The larger question, the question at the end of all these things is: what’s the point? Why bother defending a distaste for a city that’s so beloved? I suppose the point goes back to the beginning of this piece — all the criticisms of New York seem bitter. They seem always to be voiced by people who couldn’t make it there and so they have transformed the place, in their mind, into a den of vultures. And they want the rest of us to believe in this depiction. But I never tried to make it there. I considered it, briefly, and then realized I couldn’t breathe in the concrete playground no matter how hard I tried. I suppose, to go back to the top, I don’t hate New York City after all. It’s just not my thing.1
worth noting that I’m writing this from a pier overlooking the ocean and I can see palm trees lined along the coast. I surfed for five hours this morning and I can see the surf break from where I sit. I’ll go surfing again on Monday, after I drop my kid off at preschool. This, this exact feeling of golden bliss, it strikes me, is why people leave New York and move to LA.
Speaking for a PNWer, that's certainly a fresh take on LA. I'm not sure I've ever heard anyone describe LA as a place where you could interact with nature, exactly. But it's what I love about West Coast cities. Nature is always pushing up against them in a way I don't think exists in other parts of the country.
I think the palm trees and the surf are key. Not in their tropical symbolism, but here in LA you can directly interact with nature inside the city itself. I have visited NYC, loved it, and I love me some cities, but it is all concrete. Central Park strikes me as something installed, not a piece of Earth left uncovered.
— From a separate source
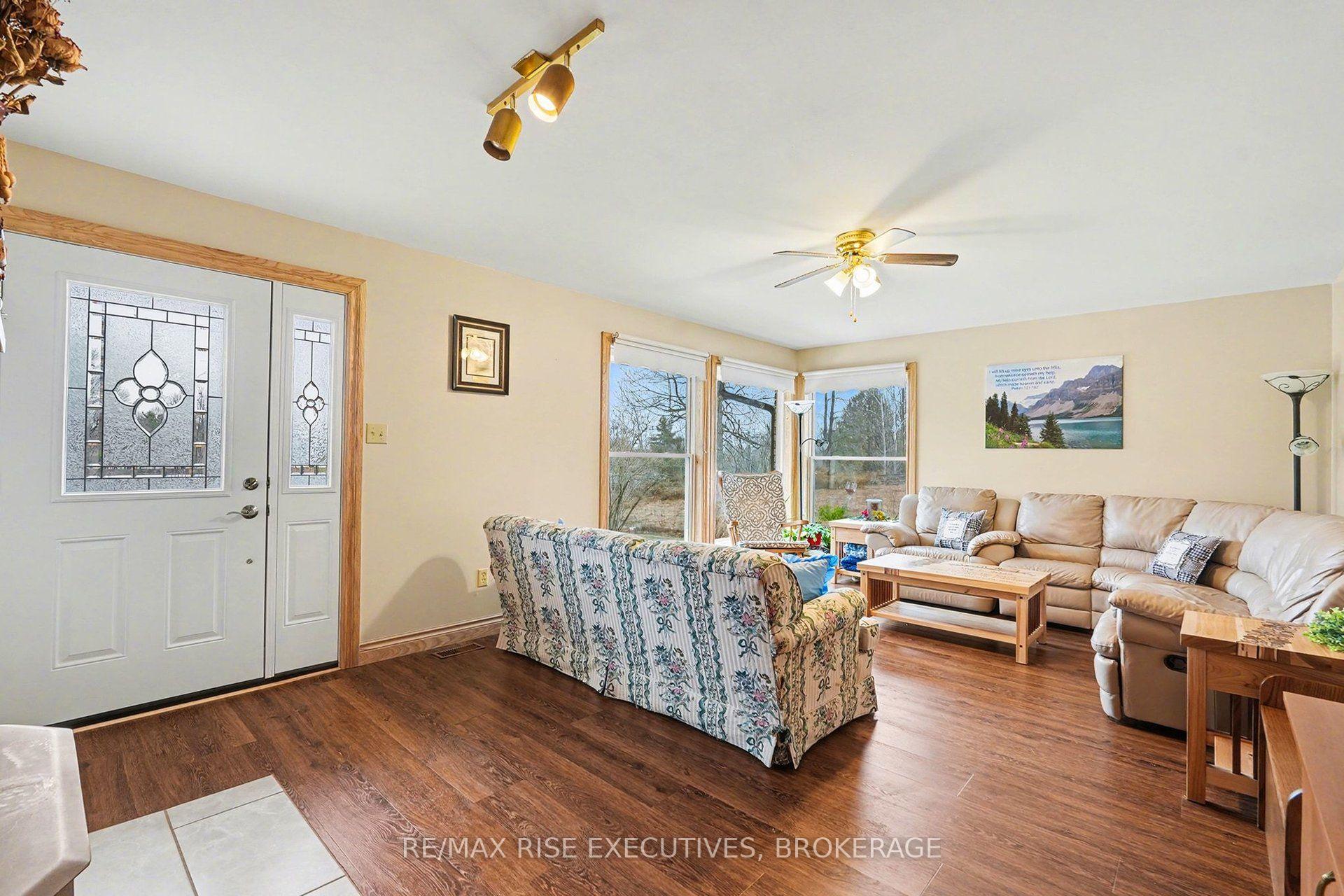 Photo 4 of 715 Hanna Road, Tay Valley, Bathurst/Burgess & Sherbrooke (South Sherbrooke) Twp — HOMEH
The section of LA River near my house is natural bottom. There are tracts of land that have still never been built on out here. The Santa Ana Winds blow the smell of desert into our paved paradise. London is similar to NYC in that way. Every square inch has been touched already. The one bit of open land I encountered ( Mile End Park) isnt a remnant. It was installed (thanks Luftwaffe!). I love cities, but I think this prompt helped me to understand why this one is different, and special. BTW you better hit Langers Deli before the owner makes good on his threat and closes. PEACE!